Your task:
Only the line with "Femmes Actif Ensembles" and the lines after it, to the end of the data, should appear in the answer, each reproduced exactly.

Data excerpts
════════
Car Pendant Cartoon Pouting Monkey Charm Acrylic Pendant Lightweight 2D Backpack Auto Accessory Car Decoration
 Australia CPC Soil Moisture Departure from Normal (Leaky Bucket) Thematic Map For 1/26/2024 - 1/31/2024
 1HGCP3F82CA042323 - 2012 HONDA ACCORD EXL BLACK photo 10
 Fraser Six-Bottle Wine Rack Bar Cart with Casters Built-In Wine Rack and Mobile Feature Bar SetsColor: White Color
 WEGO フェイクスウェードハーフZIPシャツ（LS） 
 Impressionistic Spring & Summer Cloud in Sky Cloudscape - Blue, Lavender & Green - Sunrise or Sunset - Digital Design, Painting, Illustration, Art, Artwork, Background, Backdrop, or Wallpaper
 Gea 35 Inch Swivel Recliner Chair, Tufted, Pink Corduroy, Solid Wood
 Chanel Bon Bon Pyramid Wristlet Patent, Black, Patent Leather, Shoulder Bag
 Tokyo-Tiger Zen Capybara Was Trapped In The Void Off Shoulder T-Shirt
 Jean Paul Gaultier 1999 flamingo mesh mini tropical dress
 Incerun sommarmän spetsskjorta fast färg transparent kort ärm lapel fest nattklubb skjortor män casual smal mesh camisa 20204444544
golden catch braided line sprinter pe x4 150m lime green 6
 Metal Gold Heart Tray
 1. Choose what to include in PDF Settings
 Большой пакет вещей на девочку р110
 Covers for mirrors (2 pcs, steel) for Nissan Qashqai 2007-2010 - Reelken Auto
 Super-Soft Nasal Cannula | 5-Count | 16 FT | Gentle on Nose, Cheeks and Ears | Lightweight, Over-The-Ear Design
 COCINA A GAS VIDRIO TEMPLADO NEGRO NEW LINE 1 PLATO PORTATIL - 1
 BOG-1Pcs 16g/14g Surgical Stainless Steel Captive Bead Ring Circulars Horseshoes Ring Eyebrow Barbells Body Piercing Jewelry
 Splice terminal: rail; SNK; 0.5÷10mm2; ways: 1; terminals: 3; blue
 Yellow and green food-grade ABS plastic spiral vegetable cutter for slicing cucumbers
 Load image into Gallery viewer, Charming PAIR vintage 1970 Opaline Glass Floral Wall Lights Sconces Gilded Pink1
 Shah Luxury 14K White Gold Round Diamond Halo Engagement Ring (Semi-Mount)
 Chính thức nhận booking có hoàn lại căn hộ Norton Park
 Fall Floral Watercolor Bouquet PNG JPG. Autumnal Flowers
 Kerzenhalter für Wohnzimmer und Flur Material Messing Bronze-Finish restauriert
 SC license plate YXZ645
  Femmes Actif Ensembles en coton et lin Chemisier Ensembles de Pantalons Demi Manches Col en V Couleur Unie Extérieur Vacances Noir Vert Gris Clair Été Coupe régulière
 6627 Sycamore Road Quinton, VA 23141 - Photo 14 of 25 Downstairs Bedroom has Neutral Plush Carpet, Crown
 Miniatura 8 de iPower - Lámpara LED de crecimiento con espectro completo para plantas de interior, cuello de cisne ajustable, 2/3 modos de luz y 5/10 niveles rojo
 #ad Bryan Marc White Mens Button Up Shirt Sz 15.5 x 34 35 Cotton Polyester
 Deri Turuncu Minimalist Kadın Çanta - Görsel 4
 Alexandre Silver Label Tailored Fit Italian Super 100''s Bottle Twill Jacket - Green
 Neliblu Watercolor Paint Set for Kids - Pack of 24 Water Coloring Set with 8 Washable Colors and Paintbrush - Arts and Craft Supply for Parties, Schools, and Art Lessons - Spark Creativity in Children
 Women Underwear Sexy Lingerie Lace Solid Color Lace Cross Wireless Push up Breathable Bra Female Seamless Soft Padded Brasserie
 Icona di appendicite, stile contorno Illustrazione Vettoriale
════════
Solution to this task:
  Femmes Actif Ensembles en coton et lin Chemisier Ensembles de Pantalons Demi Manches Col en V Couleur Unie Extérieur Vacances Noir Vert Gris Clair Été Coupe régulière
 6627 Sycamore Road Quinton, VA 23141 - Photo 14 of 25 Downstairs Bedroom has Neutral Plush Carpet, Crown
 Miniatura 8 de iPower - Lámpara LED de crecimiento con espectro completo para plantas de interior, cuello de cisne ajustable, 2/3 modos de luz y 5/10 niveles rojo
 #ad Bryan Marc White Mens Button Up Shirt Sz 15.5 x 34 35 Cotton Polyester
 Deri Turuncu Minimalist Kadın Çanta - Görsel 4
 Alexandre Silver Label Tailored Fit Italian Super 100''s Bottle Twill Jacket - Green
 Neliblu Watercolor Paint Set for Kids - Pack of 24 Water Coloring Set with 8 Washable Colors and Paintbrush - Arts and Craft Supply for Parties, Schools, and Art Lessons - Spark Creativity in Children
 Women Underwear Sexy Lingerie Lace Solid Color Lace Cross Wireless Push up Breathable Bra Female Seamless Soft Padded Brasserie
 Icona di appendicite, stile contorno Illustrazione Vettoriale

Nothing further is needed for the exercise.